どちらのグループのユーザーに対しても、新アプリの方がコンバージョン率が高いことがわかりました。

しかしここで、グループごとに分けて集計することをやめて、新アプリと旧アプリを単純に比較してみます。

旧アプリ 新アプリ
ユーザー数 100000 10000
コンバージョン数 5000 460
コンバージョン率 5% 4.6%

なんと、新アプリより旧アプリの方がコンバージョン率が高いことになりました。

このように、
集団全体を複数の集団に分けてそれぞれの集団で同じ仮説(今回の例では新アプリの方がコンバージョン率が高い)が成り立っても、
集団全体に対してはそれが成り立たないことがあることをシンプソンのパラドックスと呼びます。
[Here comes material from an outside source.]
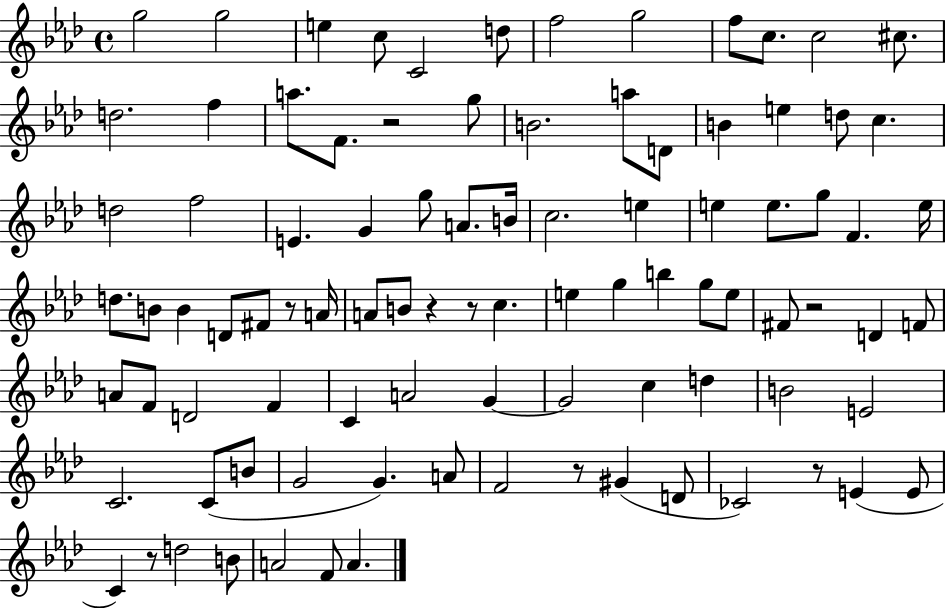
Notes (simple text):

G5/h G5/h E5/q C5/e C4/h D5/e F5/h G5/h F5/e C5/e. C5/h C#5/e. D5/h. F5/q A5/e. F4/e. R/h G5/e B4/h. A5/e D4/e B4/q E5/q D5/e C5/q. D5/h F5/h E4/q. G4/q G5/e A4/e. B4/s C5/h. E5/q E5/q E5/e. G5/e F4/q. E5/s D5/e. B4/e B4/q D4/e F#4/e R/e A4/s A4/e B4/e R/q R/e C5/q. E5/q G5/q B5/q G5/e E5/e F#4/e R/h D4/q F4/e A4/e F4/e D4/h F4/q C4/q A4/h G4/q G4/h C5/q D5/q B4/h E4/h C4/h. C4/e B4/e G4/h G4/q. A4/e F4/h R/e G#4/q D4/e CES4/h R/e E4/q E4/e C4/q R/e D5/h B4/e A4/h F4/e A4/q.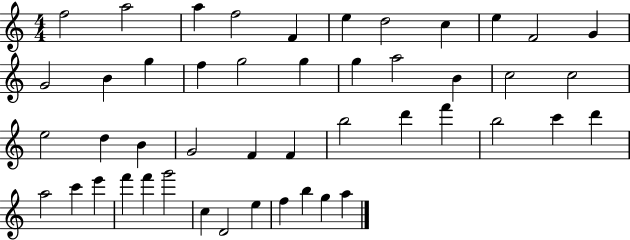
F5/h A5/h A5/q F5/h F4/q E5/q D5/h C5/q E5/q F4/h G4/q G4/h B4/q G5/q F5/q G5/h G5/q G5/q A5/h B4/q C5/h C5/h E5/h D5/q B4/q G4/h F4/q F4/q B5/h D6/q F6/q B5/h C6/q D6/q A5/h C6/q E6/q F6/q F6/q G6/h C5/q D4/h E5/q F5/q B5/q G5/q A5/q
これは$\frac{a}{A}>\frac{b}{B}$ かつ $\frac{c}{C}>\frac{d}{D}$ が成り立ったとしても
$$\frac{a+c}{A+C}>\frac{b+d}{B+D}$$
が成り立つわけじゃないと言う単純な数学的な事実から発生する物です。

今回の例で言えば、新アプリの方がどちらのユーザー群に対しても良い効果をもたらしているので良さそうなのに、
全体の集計だけで旧アプリの方が良いと結論づけてしまうと誤った分析をしてしまうことになります。
注意する必要がありますね。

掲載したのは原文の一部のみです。